Bermula tahun 2014, ia membuat sebuah ide-ide dan gagasan bagaimana memaksimalkan sampah plastik. Kita tahu, setiap kita adalah produsen plastik.
Observasi, atau dalam kamus bahasanya sendiri Kutu Kupret, kudu tentu pelajari dan riset. Perjalanan dimulai saat Edy mencari mentor dan orang-orang yang bisa dijadikan rekan sevisi. Selama perjalanannya, semua orang yang ia temui dianggapnya mentor. Setiap teman adalah guru, setiap tempat adalah sekolah, setiap pengalaman adalah ilmu.
Salah satu sosok yang ia temui ada Ibu Ariyanti Uto, biasa disapa Wak Uto. Wak Uto menjadi sosok perempuan yang penuh inspirasi. Wak Uto ini mampu menggerakkan satu rumah susun di daerah Jakarta Utara, Cilincing. Di mana Wak Uto mampu melestarikan lingkungan satu rusun menjadi mandiri finansial dan memiliki hunian asri dan lestari.
Ia juga bertemu dengan sosok Bapak Baron yang telah menginrpisrasinya, sama-sama memiliki pencapaian untuk memaksimal sampah yang memiliki nilai komoditi. Bersama Bapak Baronlah ia belajar, mencari formula pendekatan yang bisa dilakukan dengan inovasi kreativitas yang cocok dengan generasi millenial.
Terlahirlah, Ebi Bag. Secara umum, Â Ebi Bag menjadi wadah yang ingin merubah sampah menjadi berkah, merubah plastik menjadi antik. Bersama Wak Uto, dan partner lainnya. Edy membuat formula visi misi yang dirasa mampu menyelesaikan sampah plastik solusi di Indonesia.
Secara fisik, Ebi Bag memiliki visi misi menciptakan suatu ekosistem yang ramah lingkungan, namun juga memiliki dukungan finansial yang baik. Dibuatlah lima program misi:
Pertama, Yuk Darling, yuk sadar lingkungan. Sebuah gerakan kampanye yang dilakukan online maupun offline. Seperti mengajak berbagai lini masa komunitas pecinta lingkungan untuk membersihkan sampah plastik di suatu wilayah.
Kedua, meningkatkan produktifitas seorang ibu dari tugas 'kepresidenan'.Ketiga, lingkungan secara otomatis menjadi berkurang terpapar dampak sampah plastik yang mereka hasilkan sendiri.

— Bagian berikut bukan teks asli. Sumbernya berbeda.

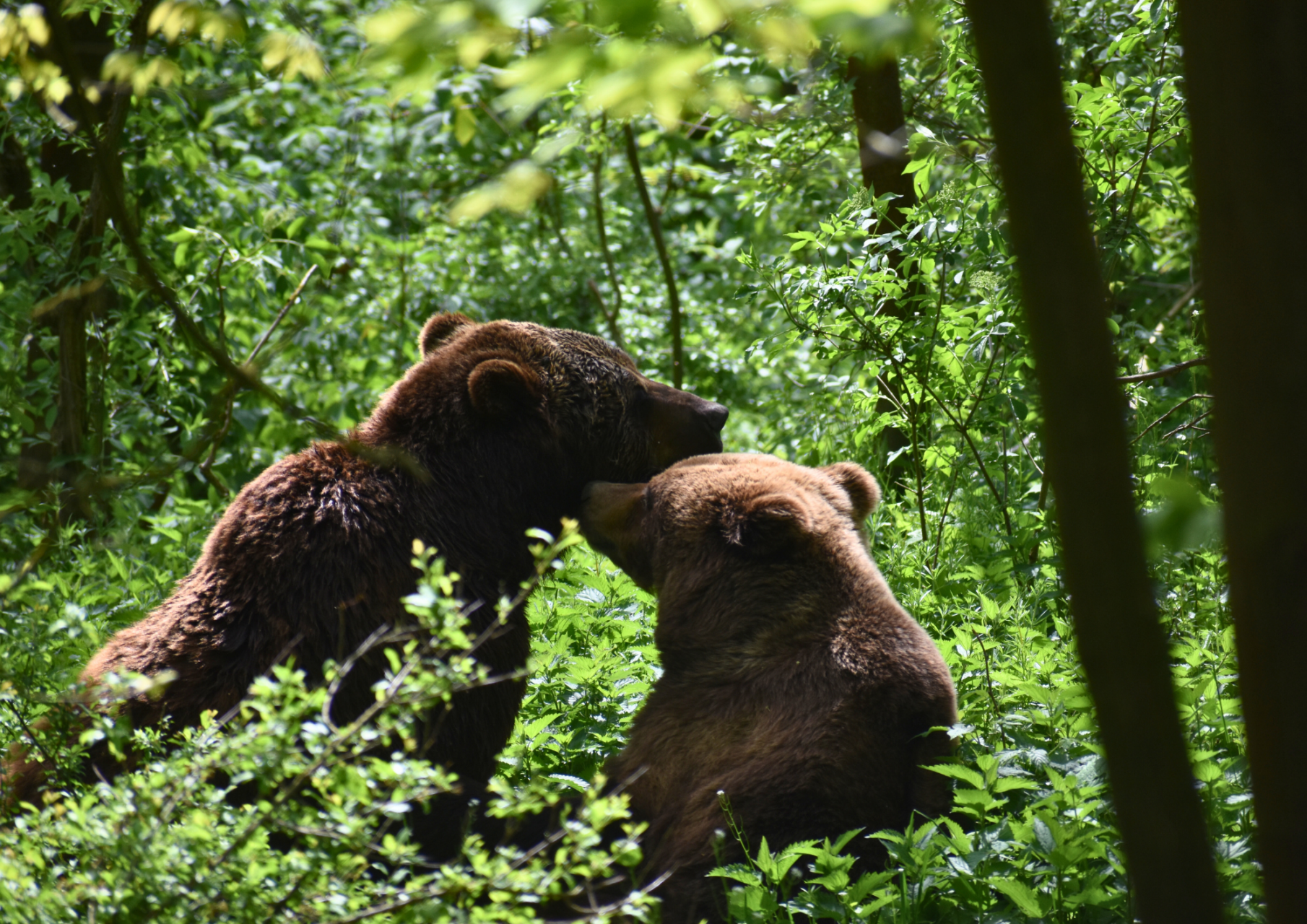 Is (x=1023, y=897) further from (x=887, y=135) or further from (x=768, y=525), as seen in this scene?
(x=887, y=135)

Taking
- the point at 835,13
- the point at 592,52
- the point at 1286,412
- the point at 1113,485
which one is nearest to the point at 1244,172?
the point at 1286,412

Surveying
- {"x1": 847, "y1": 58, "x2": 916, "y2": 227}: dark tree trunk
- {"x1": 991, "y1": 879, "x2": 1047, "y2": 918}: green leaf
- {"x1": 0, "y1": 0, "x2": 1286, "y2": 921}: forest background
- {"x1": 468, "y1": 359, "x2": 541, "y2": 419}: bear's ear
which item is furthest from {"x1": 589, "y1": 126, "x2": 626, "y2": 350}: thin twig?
{"x1": 991, "y1": 879, "x2": 1047, "y2": 918}: green leaf

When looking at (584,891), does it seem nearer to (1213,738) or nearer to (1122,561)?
(1213,738)

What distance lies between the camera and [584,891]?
3.08 metres

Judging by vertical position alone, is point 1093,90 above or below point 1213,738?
above

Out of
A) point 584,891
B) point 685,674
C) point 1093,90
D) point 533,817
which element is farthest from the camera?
point 1093,90

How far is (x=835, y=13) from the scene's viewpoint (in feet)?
4.50

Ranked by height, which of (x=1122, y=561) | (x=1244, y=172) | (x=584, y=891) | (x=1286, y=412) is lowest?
(x=584, y=891)

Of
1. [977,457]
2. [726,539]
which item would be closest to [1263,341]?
[726,539]

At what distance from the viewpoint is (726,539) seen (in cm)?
378

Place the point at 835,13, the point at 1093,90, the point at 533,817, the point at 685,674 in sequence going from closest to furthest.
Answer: the point at 835,13 < the point at 533,817 < the point at 685,674 < the point at 1093,90

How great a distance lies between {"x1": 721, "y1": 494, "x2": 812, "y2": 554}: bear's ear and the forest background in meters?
0.81

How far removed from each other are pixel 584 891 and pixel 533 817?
1.06ft

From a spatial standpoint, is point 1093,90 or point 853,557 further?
point 1093,90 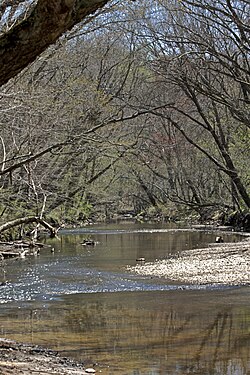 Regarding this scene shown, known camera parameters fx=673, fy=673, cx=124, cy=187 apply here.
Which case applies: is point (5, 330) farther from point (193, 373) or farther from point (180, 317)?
point (193, 373)

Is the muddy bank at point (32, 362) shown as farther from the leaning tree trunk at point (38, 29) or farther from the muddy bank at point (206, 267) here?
the muddy bank at point (206, 267)

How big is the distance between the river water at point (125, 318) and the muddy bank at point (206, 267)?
0.62 metres

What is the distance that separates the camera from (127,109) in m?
32.5

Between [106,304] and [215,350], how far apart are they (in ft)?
14.1

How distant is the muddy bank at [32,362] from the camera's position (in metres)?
6.52

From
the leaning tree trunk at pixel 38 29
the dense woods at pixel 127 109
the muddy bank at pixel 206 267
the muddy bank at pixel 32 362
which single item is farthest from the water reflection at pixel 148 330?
the leaning tree trunk at pixel 38 29

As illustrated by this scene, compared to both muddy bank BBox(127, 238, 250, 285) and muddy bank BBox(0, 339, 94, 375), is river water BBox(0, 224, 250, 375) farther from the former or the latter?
muddy bank BBox(127, 238, 250, 285)

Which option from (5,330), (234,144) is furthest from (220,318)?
(234,144)

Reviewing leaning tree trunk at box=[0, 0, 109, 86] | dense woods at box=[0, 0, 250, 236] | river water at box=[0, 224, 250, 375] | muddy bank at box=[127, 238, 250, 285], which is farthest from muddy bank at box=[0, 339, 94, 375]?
muddy bank at box=[127, 238, 250, 285]

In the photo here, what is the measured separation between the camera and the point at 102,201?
143ft

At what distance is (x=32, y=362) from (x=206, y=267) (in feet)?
35.5

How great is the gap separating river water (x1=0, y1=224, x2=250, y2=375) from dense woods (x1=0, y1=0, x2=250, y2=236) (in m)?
2.81

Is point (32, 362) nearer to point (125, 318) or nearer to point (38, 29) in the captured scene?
point (38, 29)

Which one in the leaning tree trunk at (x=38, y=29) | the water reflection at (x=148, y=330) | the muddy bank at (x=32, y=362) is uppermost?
the leaning tree trunk at (x=38, y=29) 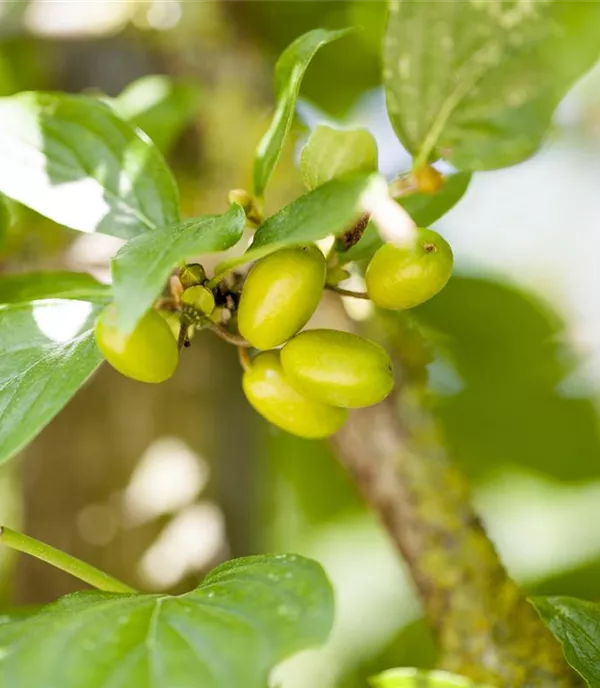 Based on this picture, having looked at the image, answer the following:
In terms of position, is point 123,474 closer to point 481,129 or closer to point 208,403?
point 208,403

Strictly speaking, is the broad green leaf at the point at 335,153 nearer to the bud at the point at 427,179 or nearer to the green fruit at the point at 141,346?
the bud at the point at 427,179

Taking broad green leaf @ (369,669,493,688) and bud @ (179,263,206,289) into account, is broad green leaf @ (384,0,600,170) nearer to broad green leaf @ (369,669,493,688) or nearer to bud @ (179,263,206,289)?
bud @ (179,263,206,289)

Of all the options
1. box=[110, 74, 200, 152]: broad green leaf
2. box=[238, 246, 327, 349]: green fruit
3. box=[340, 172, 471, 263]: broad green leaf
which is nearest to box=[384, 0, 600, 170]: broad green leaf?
box=[340, 172, 471, 263]: broad green leaf

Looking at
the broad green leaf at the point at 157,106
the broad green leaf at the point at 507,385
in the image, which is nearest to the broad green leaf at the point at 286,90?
the broad green leaf at the point at 157,106

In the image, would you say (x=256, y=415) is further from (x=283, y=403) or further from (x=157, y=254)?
(x=157, y=254)

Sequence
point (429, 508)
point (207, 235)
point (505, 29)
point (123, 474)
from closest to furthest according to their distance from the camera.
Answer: point (207, 235) < point (505, 29) < point (429, 508) < point (123, 474)

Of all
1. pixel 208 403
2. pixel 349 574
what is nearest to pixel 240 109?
pixel 208 403

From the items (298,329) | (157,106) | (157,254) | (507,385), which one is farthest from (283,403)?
(507,385)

Ketiga, Polemik, produk olahan Ebi menarik. Merupakan hasil dari kerajinan tangan yang sudah diolah ibu-ibu binaan. Produk tersebut berupa handycraft dari sampah seperti dompet, maupun souvenir untuk penikahan, dan ada juga karikatur untuk cinderamata.
Dan program ini mendapatkan apresiasi oleh Kemendikbud, dan berhasil terpilih sebagai metode pembelajaran berkelanjutuan, sebagai program sistem pendidikan TBM. Dan Ebi Bag pun mendapatkan dukungan beasiswa untuk anak-anak.
Di mana sistemnya adalah produk yang dibeli konsumen menjadi sampah. Lalu dikumpulkan ke perusahaan tersebut, dan diberikan kepada Ebi Bag hingga diolah menjadi aneka kerajinan tangan.